Input data
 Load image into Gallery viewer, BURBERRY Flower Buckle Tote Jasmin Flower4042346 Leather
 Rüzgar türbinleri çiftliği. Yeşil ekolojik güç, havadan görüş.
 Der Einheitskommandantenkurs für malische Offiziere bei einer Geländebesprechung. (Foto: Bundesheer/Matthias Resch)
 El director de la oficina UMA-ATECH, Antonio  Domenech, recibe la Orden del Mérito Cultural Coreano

--

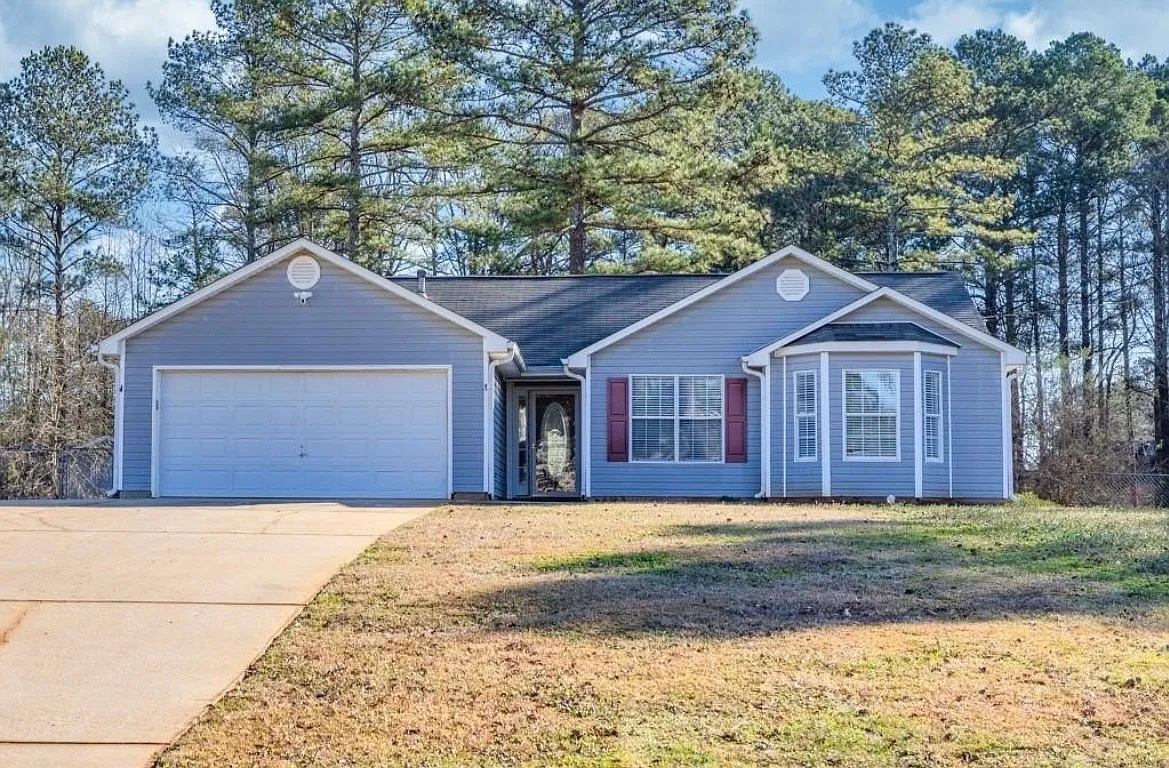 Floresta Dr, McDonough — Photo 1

--

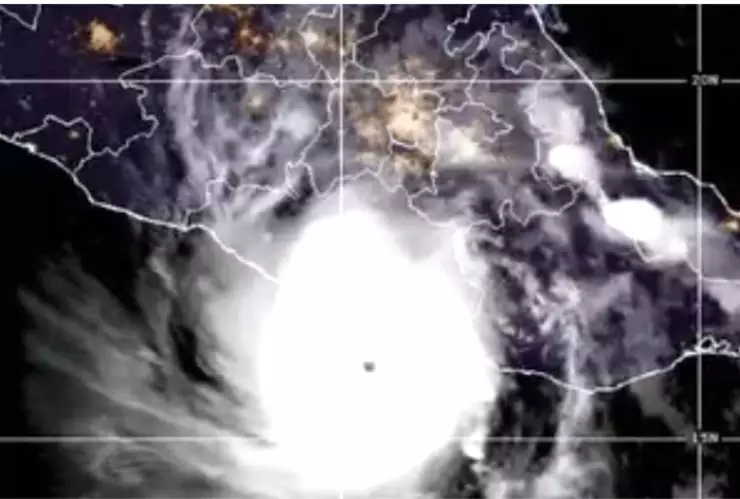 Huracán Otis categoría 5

Description of the task
From the entries above, restate word for word the lines from the line containing "Der Einheitskommandantenkurs für" to the line containing "El director de", both ends included, and nothing more.

Task answer
 Der Einheitskommandantenkurs für malische Offiziere bei einer Geländebesprechung. (Foto: Bundesheer/Matthias Resch)
 El director de la oficina UMA-ATECH, Antonio  Domenech, recibe la Orden del Mérito Cultural Coreano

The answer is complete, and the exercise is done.